With fresh arrivals of red chillis into agricultural marketing yards due only next February, there’s a sharp increase in the demand for the spices at cold storage facilities.
Traders are reportedly purchasing the commodity from cold storages at Rs. 18,500-20,000 a quintal in key markets such as Guntur in Andhra Pradesh and and Khammam in Telangana.
While there is no increase in the local retail markets, trade sources say the demand for the produce is seen increasing in neighbouring States such as Karnataka and Madhya Pradesh.
"In the retail market, we are selling mirchi (red chilli) at Rs. 180-185 a kilogram.

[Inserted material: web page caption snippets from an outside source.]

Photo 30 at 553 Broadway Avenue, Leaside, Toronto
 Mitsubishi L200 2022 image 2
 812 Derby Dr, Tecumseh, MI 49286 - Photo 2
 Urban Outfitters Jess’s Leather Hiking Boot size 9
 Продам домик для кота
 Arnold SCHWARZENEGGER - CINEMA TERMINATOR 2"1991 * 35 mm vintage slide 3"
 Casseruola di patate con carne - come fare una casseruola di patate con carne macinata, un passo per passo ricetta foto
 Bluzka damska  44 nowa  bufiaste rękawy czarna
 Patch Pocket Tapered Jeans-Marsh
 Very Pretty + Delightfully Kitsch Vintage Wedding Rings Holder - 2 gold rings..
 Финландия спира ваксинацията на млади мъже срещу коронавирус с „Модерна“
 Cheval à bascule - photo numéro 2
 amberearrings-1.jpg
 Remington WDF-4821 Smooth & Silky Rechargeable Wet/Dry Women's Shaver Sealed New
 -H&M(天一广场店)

This might go up slightly in the next one or two months. Prices might go down when fresh produce begins to arrive in the market yards," a retailer has said. For big farmers and traders who stored the produce in cold storage facilities, it seems to be a windfall as traders are buying it in large quantities at higher prices.
"Farmers are not going to get any benefit as traders make all the money in these transactions. This phenomenon happens around this time of the year," T Sagar, General Secretary, Telangana Rythu Sangham, has said. "They buy the produce at Rs. 6,000 a quintal when the produce arrives, keep it in cold storage facilities and make money when the demand goes up," he said The cost of production of chillies is very high at Rs. 1.50-1.80 lakh an acre. "In order to be profitable, they should get at least Rs. 10,000-12,000 a quintal. But they end up getting only Rs. 6,000, leaving them in losses," he said. Because of heavy rains and a slight shift to cotton, acreage fell in Andhra Pradesh and Telangana this kharif season. In a normal year, Andhra Pradesh grows red chillies on 3.31 lakh acres and Telangana on 1.82 lakh acres. Both reported lower acreage for the commodity this kharif. While farmers in Andhra Pradesh grew the crop on 3 lakh acres, their peers in Telangana grew it on 1.11 lakh acres.